--- What to produce ---
A verbatim copy of the listing is needed; pictures are to be left out.

--- Records ---
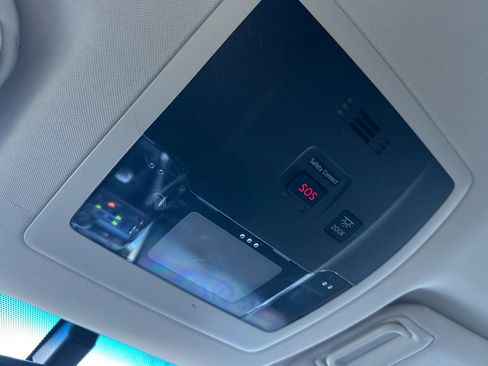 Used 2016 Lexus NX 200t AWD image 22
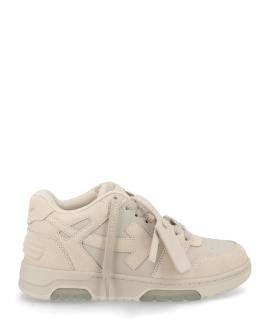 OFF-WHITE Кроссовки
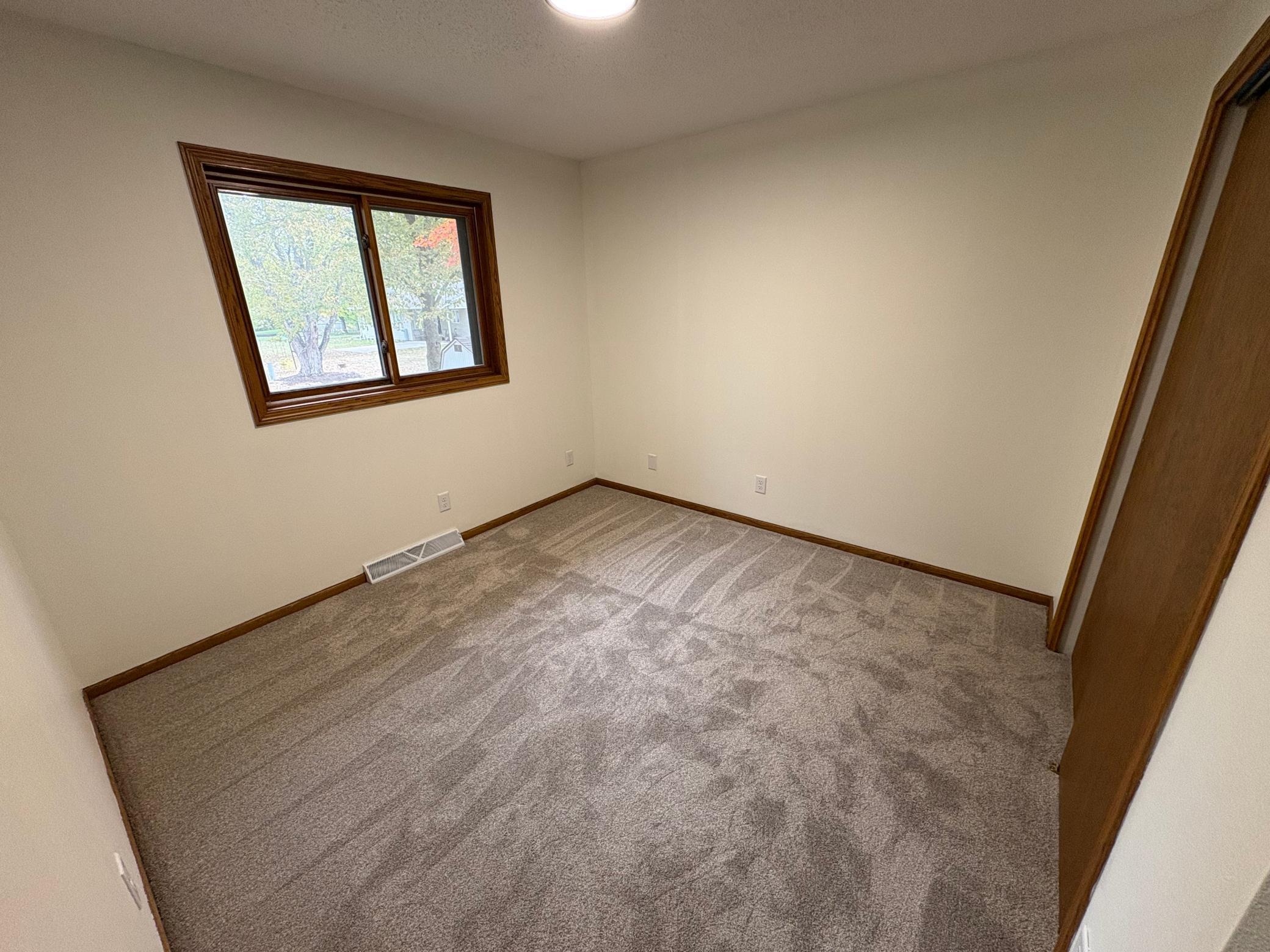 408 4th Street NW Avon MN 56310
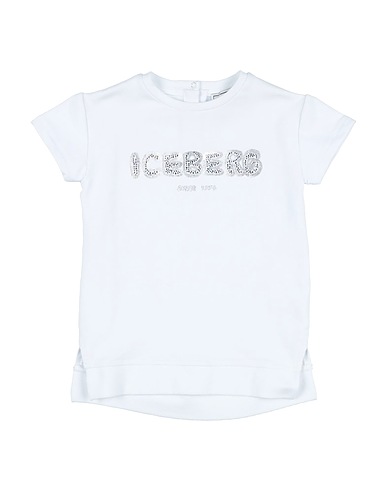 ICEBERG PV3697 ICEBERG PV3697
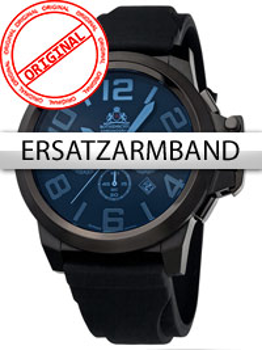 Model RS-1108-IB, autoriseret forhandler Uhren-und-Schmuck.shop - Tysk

--- The answer ---
 Used 2016 Lexus NX 200t AWD image 22
 OFF-WHITE Кроссовки
 408 4th Street NW Avon MN 56310
 ICEBERG PV3697 ICEBERG PV3697
 Model RS-1108-IB, autoriseret forhandler Uhren-und-Schmuck.shop - Tysk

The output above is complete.